Abstract:Image background features can constitute background bias (spurious correlations) and impact deep classifiers decisions, causing shortcut learning (Clever Hans effect) and reducing the generalization skill on real-world data. The concept of optimizing Layer-wise Relevance Propagation (LRP) heatmaps, to improve classifier behavior, was recently introduced by a neural network architecture named ISNet. It minimizes background relevance in LRP maps, to mitigate the influence of image background features on deep classifiers decisions, hindering shortcut learning and improving generalization. For each training image, the original ISNet produces one heatmap per possible class in the classification task, hence, its training time scales linearly with the number of classes. Here, we introduce reformulated architectures that allow the training time to become independent from this number, rendering the optimization process much faster. We challenged the enhanced models utilizing the MNIST dataset with synthetic background bias, and COVID-19 detection in chest X-rays, an application that is prone to shortcut learning due to background bias. The trained models minimized background attention and hindered shortcut learning, while retaining high accuracy.

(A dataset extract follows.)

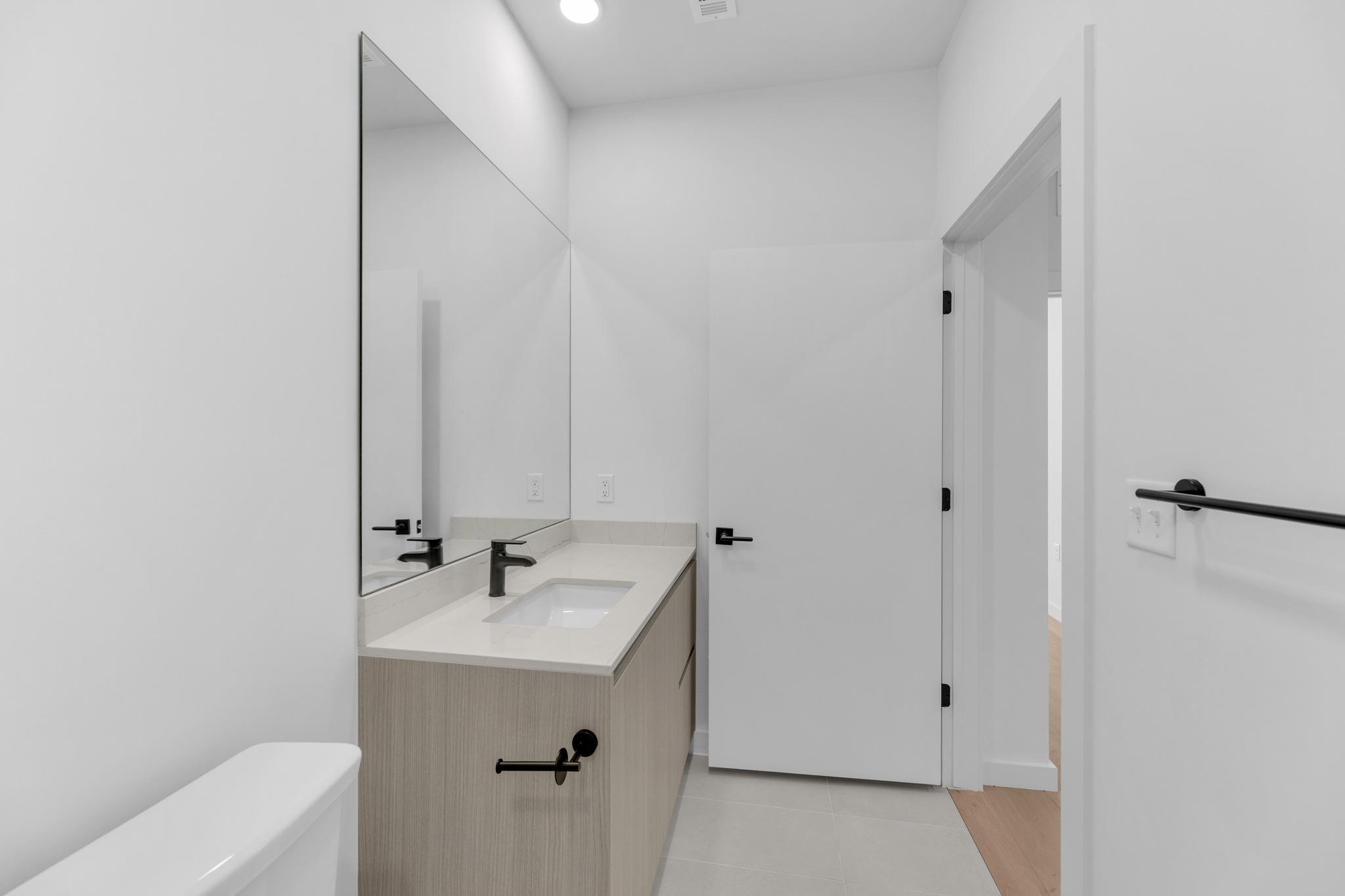 2209 S 1st St # 231, Austin, TX 78704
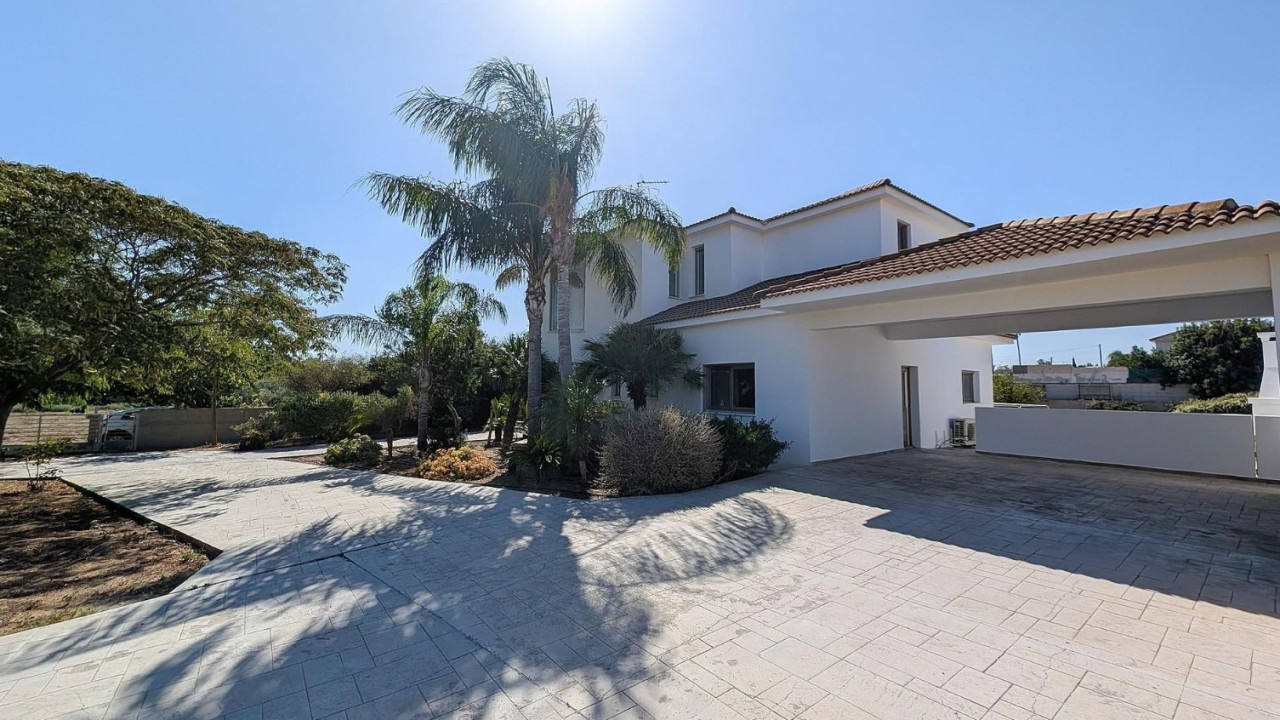 House (Detached) in Pano Deftera, Nicosia for Sale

Considering external (out-of-distribution) test datasets, they consistently proved more accurate than multiple state-of-the-art deep neural network architectures, including a dedicated image semantic segmenter followed by a classifier. The architectures presented here represent a potentially massive improvement in training speed over the original ISNet, thus introducing LRP optimization into a gamut of applications that could not be feasibly handled by the original model.